[SOURCE DATA]
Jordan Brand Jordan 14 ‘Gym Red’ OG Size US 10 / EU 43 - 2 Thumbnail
--
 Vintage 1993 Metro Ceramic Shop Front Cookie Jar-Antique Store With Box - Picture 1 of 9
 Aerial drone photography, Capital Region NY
---
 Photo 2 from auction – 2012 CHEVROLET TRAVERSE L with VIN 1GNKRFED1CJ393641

[INSTRUCTIONS FOR THE TASK]
Using the entries above, return exactly the lines from the line with "Vintage 1993 Metro" to the line with "Aerial drone photography, Capital Region NY", counting both of those lines.

[REPLY]
 Vintage 1993 Metro Ceramic Shop Front Cookie Jar-Antique Store With Box - Picture 1 of 9
 Aerial drone photography, Capital Region NY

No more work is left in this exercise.